U.S. beverage company Keurig Dr Pepper is set to acquire Dutch coffee producer JDE Peet’s in an $18 billion transaction, marking one of Europe’s largest acquisitions in more than two years. The deal values JDE Peet’s at a 20% premium to its recent closing price and will result in the delisting of the Dutch firm from the Amsterdam stock exchange.
The combined business will be split into two U.S.-listed companies. Global Coffee Co will focus on coffee, targeting $16 billion in annual net sales, while Beverage Co will concentrate on North American soft drinks, with projected annual net sales exceeding $11 billion. Analysts estimate the coffee unit will hold around 20% of the global consumer packaged goods coffee market. The merger aims to generate $400 million in annual cost savings and provide broader exposure in Europe, North America, and emerging markets.

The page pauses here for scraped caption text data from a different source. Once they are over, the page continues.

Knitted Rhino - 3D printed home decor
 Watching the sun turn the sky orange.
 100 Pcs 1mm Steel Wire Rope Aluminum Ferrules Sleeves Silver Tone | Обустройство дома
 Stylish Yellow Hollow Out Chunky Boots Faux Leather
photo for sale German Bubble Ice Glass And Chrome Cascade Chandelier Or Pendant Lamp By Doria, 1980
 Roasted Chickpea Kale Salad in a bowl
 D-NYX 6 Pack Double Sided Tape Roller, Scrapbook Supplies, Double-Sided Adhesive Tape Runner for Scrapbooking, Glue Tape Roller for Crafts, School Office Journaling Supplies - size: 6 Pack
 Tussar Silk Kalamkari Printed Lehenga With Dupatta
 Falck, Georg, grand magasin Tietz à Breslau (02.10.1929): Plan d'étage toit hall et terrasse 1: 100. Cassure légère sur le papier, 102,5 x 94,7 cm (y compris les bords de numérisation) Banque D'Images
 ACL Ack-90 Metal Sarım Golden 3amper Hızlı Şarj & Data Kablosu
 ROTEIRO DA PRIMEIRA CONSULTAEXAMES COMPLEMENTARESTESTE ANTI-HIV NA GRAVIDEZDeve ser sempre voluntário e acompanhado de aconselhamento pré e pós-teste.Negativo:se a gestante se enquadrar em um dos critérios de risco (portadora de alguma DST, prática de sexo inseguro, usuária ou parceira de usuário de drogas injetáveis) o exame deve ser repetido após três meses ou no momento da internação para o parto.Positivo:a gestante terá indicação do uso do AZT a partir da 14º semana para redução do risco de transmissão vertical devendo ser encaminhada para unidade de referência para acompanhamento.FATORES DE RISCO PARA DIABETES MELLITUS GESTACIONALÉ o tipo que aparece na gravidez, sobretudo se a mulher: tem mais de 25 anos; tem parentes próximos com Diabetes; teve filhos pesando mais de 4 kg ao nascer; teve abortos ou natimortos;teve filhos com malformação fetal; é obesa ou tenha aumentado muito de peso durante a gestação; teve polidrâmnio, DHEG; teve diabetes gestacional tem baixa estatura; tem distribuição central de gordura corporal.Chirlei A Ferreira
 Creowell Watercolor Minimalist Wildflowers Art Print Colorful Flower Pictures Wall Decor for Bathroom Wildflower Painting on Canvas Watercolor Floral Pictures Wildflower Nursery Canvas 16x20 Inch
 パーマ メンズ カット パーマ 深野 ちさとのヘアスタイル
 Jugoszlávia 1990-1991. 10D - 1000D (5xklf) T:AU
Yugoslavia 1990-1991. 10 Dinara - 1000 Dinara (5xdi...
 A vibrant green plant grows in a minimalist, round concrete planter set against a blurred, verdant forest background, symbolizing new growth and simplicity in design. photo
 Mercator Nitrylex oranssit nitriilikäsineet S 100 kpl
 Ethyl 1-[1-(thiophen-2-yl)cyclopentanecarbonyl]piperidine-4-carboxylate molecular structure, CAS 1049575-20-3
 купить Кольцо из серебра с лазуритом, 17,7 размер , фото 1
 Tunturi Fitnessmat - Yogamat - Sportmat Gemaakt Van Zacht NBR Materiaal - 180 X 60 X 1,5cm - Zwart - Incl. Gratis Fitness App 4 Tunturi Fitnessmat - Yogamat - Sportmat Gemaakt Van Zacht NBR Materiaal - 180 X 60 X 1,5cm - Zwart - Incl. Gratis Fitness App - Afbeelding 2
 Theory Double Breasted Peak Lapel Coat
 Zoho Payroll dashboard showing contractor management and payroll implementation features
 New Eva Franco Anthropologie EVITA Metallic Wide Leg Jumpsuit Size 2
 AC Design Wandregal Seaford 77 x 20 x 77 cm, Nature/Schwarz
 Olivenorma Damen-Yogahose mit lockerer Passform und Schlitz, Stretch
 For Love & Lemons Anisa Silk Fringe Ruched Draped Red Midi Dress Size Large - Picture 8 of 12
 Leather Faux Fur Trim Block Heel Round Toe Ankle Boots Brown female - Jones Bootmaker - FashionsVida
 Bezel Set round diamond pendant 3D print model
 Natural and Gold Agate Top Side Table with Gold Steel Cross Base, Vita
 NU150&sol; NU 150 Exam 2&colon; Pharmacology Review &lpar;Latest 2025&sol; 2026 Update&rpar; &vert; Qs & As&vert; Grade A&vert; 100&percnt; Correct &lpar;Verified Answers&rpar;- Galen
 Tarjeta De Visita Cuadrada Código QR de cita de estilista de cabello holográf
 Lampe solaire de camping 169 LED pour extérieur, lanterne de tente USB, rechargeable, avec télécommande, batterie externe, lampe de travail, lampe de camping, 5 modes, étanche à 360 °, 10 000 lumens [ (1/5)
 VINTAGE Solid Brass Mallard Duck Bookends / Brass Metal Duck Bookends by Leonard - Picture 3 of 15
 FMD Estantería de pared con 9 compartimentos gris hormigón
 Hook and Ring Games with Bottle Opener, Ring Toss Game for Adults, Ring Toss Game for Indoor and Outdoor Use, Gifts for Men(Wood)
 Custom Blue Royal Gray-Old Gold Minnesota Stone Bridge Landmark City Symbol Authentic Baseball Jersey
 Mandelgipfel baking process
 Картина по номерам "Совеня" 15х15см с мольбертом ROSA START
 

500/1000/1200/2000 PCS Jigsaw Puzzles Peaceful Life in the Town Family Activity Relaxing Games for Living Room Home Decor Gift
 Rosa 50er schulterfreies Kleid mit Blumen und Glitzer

JDE Peet’s, which owns brands including Jacobs, L’Or, Tassimo, and Douwe Egberts, is majority held by JAB Holding, which will tender its 68% stake and retain approximately 5% in both new entities. The acquisition is expected to complete in the first half of 2026, with the corporate split finalised by the end of the year. Following the announcement, JDE Peet’s shares rose 17.5%, while Keurig Dr Pepper shares fell roughly 7%.
The transaction comes amid record global coffee prices influenced by droughts in Brazil and Vietnam, and tariffs affecting trade between the U.S. and key coffee-producing nations. The merger positions Keurig Dr Pepper to expand international coffee operations while maintaining a strong North American beverage presence.